The West has been wondering what has gone wrong with Buddhism in Myanmar since 2012 and the violence primarily by Buddhists against Muslims. Yet I want to suggest that this is the wrong question, and that the West needs to take a look in the mirror. The West’s skewed view of Buddhism as a ‘peaceful’ religion, combined with the stereotypical view of Islam as inherently ‘violent’, are a core part of the problem.
Over the past month several reports and a barrage of media reports have surfaced in an attempt to explain the violence against Muslims in Myanmar. Yet implicitly such reports often promote the ‘real’ teachings of Buddhism as a ‘peaceful’ religion, and this adds to the Western stereotype of Islam as somehow ‘violent’.
Let me illustrate this by taking a different perspective to some of the issued raised by Contesting Buddhist Narratives. This report prioritises understanding Buddhist fears and concerns, represented in the irrational ranting of the monk (and former convicted criminal) U Wirathu, who is mentioned or quoted from at least 25 times in the report. Yes, we need to understand all aspects of the conflict, but we have paid so little attention to Muslim communities in Myanmar, and this lack of information continues to fuel stereotypes about both Buddhism and Islam. This obscures Muslims’ concerns and fails to acknowledge that Muslims have serious fears too.
The basic premise of the report is that one key way forward is to use Buddhist narratives of non-violence. This is one option, but what about other alternatives, such as secularism? There is very clear precedent for this in Myanmar. General Aung San, the revered martyr and national independence hero, was a secularist. For example, in the drafting of the 1947 Constitution, he insisted that Burma should be a secular state. It was only after his assassination (when he died alongside his colleague and Muslim cabinet member, U Razak) that the provision in the draft constitution on religion was revised to give Buddhism a ‘special position’ (this was actually based on the Irish Constitution and its recognition of Catholicism). Things of course turned from bad to worse in 1961 when U Nu passed a constitutional amendment to make Buddhism the state religion, and the coup of 1962 followed soon after. Collective popular memory in Myanmar of General Aung San seems to have conveniently forgotten that he stood for secularism.
The strength of the report is its knowledge of Buddhism, yet it devotes just one paragraph to representing Muslim views. I understand the report does not claim to focus on understanding Muslims, but that’s precisely my point. Why do Buddhists who are promoting violence deserve our understanding, and Muslims who have suffered the consequences do not? This lack of focus on Muslims has led to many misunderstandings, not least the fact that the West equates Muslims in Myanmar with the term ‘Rohingya’. There is little appreciation of the diversity within the Muslim communities in Myanmar, nor is there any acknowledgement that most Muslims in Myanmar are probably not (or do not self-identify as) Rohingya. The concerns of Muslims in Rakhine State are acute and need to be addressed, but we can’t continue to ignore the fact that Muslim communities can be found right across Myanmar and that they have been severely affected by this violence.

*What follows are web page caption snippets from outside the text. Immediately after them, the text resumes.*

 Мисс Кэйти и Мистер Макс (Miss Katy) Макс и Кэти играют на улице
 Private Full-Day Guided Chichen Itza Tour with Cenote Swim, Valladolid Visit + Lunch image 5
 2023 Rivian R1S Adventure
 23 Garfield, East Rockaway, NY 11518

The report also hints at the need to reform Islamic education, although it rightly acknowledges that efforts to promote tolerance in religious-based schools should take place in all religions. But let’s interrogate this view that somehow Islamic education institutions in Myanmar are partly blame (which is also what the Rakhine Commission Report indicated). Using Islamic education institutions as a convenient scapegoat indicates both an ignorance about these institutions, and a failure to remember the past. For example, prior to 1962 there were top schools run by Muslims (and there were also Muslim children who attended top Christian schools) and these institutions provided a broad education, alongside an Islamic education. When Ne Win took over in 1962, Islamic schools, like all other religious schools, were at risk of nationalisation. And many of these Islamic schools were nationalised. Some, however, that were able to convince Ne Win’s regime that they would only teach a narrow Islamic studies curriculum were allowed to continue to function as madrasas. So I think we need to keep past government policies in mind, before we go pointing the blame at Islamic education institutions.

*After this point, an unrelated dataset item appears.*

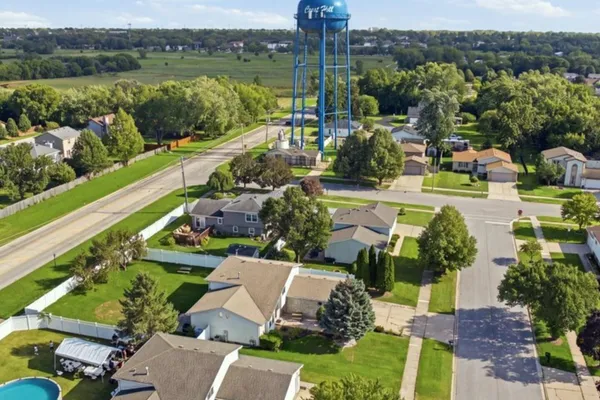 2010 WATERTOWER PL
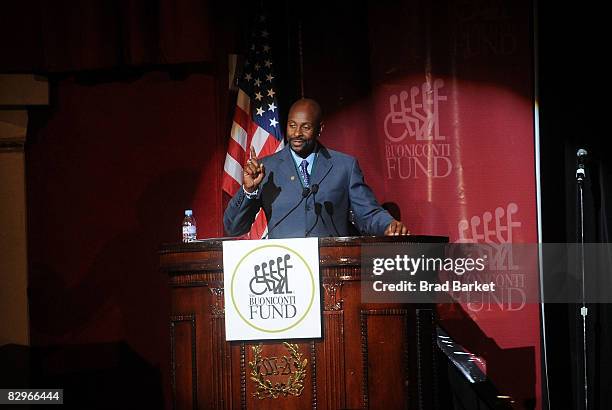 Jerry Rice attends the 23rd Annual Great Sports Legends Dinner to Cure Paralysis at the Waldorf Astoria on September 22, 2008 in New York City.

The report does provide some interesting examples of how Buddhists are participating in inter-religious dialogue. But it fails to mention that some Muslims have been doing this for decades in Myanmar. There has been a very distinct movement in Myanmar for a very long time of Muslims who have bent over backwards to fit in, to tolerate Buddhism and its traditions, and to show that they belong to Myanmar too. These ‘Burmese Muslims’ have insisted on using Burmese language (rather than Arabic or Urdu) as the language of instruction in Islamic schools. These Burmese Muslims have insisted that their women should be free to wear Burmese dress if they choose (which is more revealing than traditional Islamic teachings allow). I am not saying Muslims should have to identify as ‘Burmese’ or compromise their religion in this way; of course if they chose to retain their Indian or Chinese or Shan identity alongside their Muslim identity, they should be allowed to too.

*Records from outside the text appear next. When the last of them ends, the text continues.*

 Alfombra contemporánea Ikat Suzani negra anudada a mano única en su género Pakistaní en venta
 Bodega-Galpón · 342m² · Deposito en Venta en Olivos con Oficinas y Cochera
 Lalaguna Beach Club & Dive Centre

We need to put aside this preoccupation with proving that Buddhism is an inherently peaceful religion while remaining ambiguously silent on Islam. Western media and scholarship needs to intentionally work to dispel the assumptions that Islam is bad and Buddhism is good, that Islam is violent and Buddhism is non-violent, that a monk in a saffron robe is peaceful, but that a man with a beard and wearing a skull cap is violent. These dichotomies are false and contribute to the tensions.
It is time that the West takes a serious reality check on how it views Islam and Buddhism. While the violence and discrimination against Muslims is a reflection on Myanmar, the response of the West is a reflection of persistent stereotypes in the West about Islam and Buddhism.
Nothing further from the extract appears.